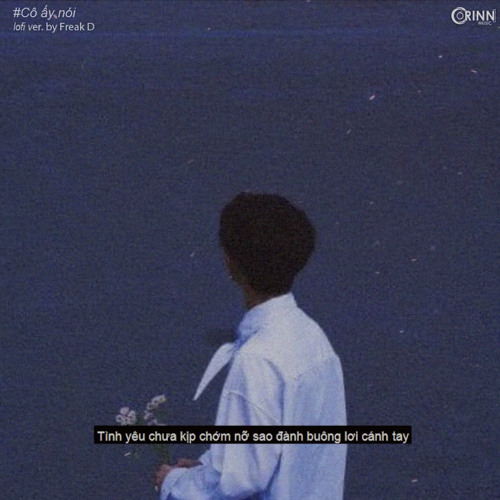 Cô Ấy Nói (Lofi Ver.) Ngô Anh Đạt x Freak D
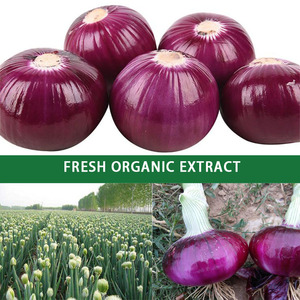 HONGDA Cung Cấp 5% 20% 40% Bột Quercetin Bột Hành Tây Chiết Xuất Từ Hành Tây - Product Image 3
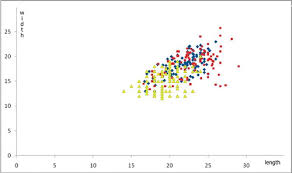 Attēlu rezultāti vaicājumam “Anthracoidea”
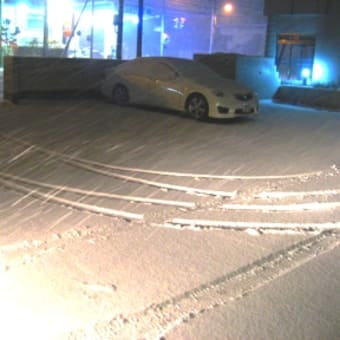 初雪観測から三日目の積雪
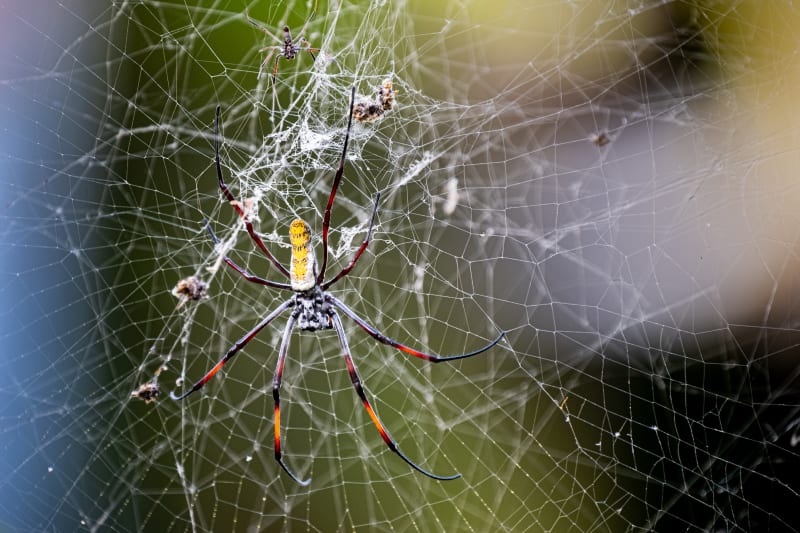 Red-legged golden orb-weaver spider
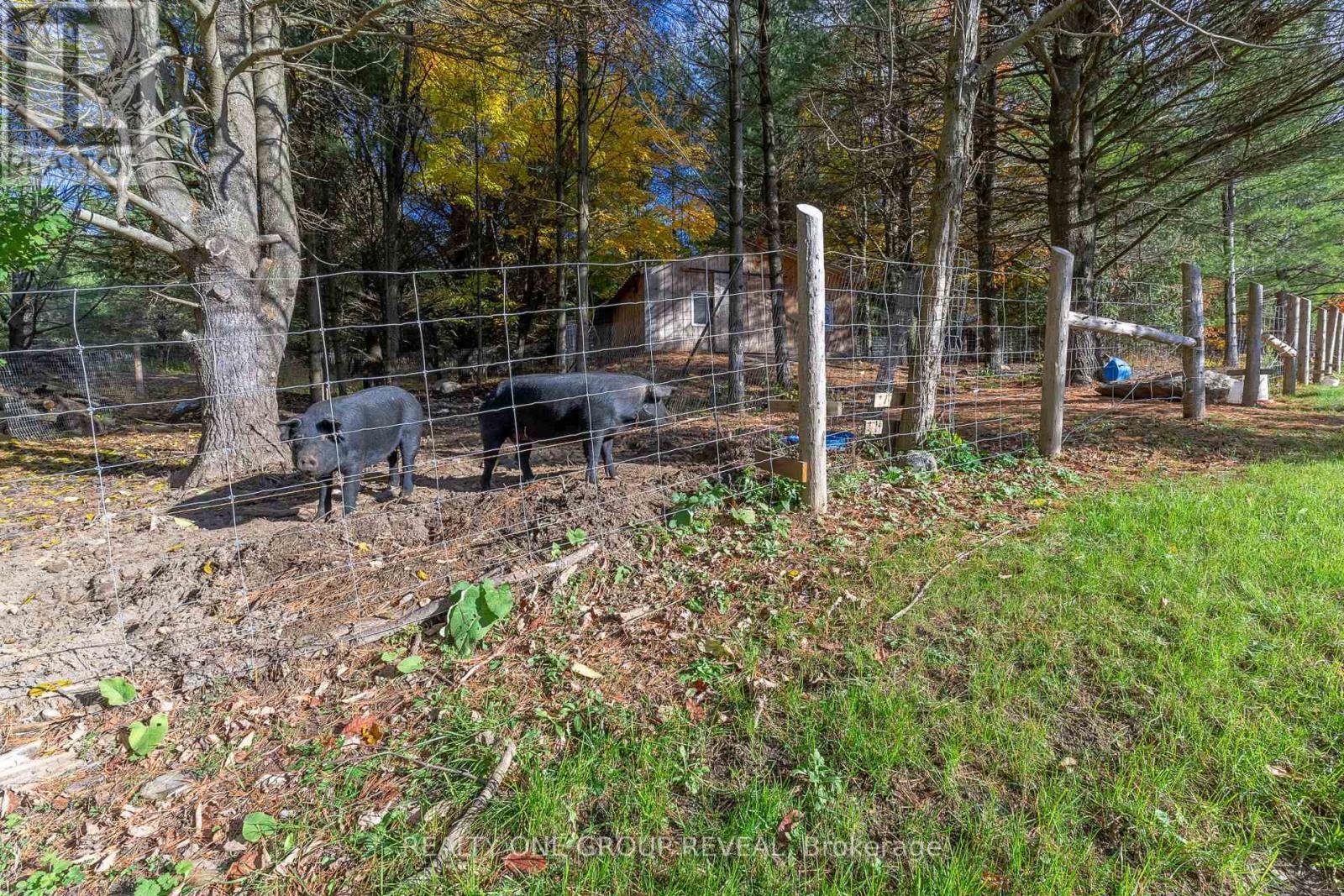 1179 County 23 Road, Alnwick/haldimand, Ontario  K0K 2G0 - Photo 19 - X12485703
════
> Directions
Everything above except the pictures needs to be reproduced exactly.

> Answer space
 Cô Ấy Nói (Lofi Ver.) Ngô Anh Đạt x Freak D
 HONGDA Cung Cấp 5% 20% 40% Bột Quercetin Bột Hành Tây Chiết Xuất Từ Hành Tây - Product Image 3
 Attēlu rezultāti vaicājumam “Anthracoidea”
 初雪観測から三日目の積雪
 Red-legged golden orb-weaver spider
 1179 County 23 Road, Alnwick/haldimand, Ontario  K0K 2G0 - Photo 19 - X12485703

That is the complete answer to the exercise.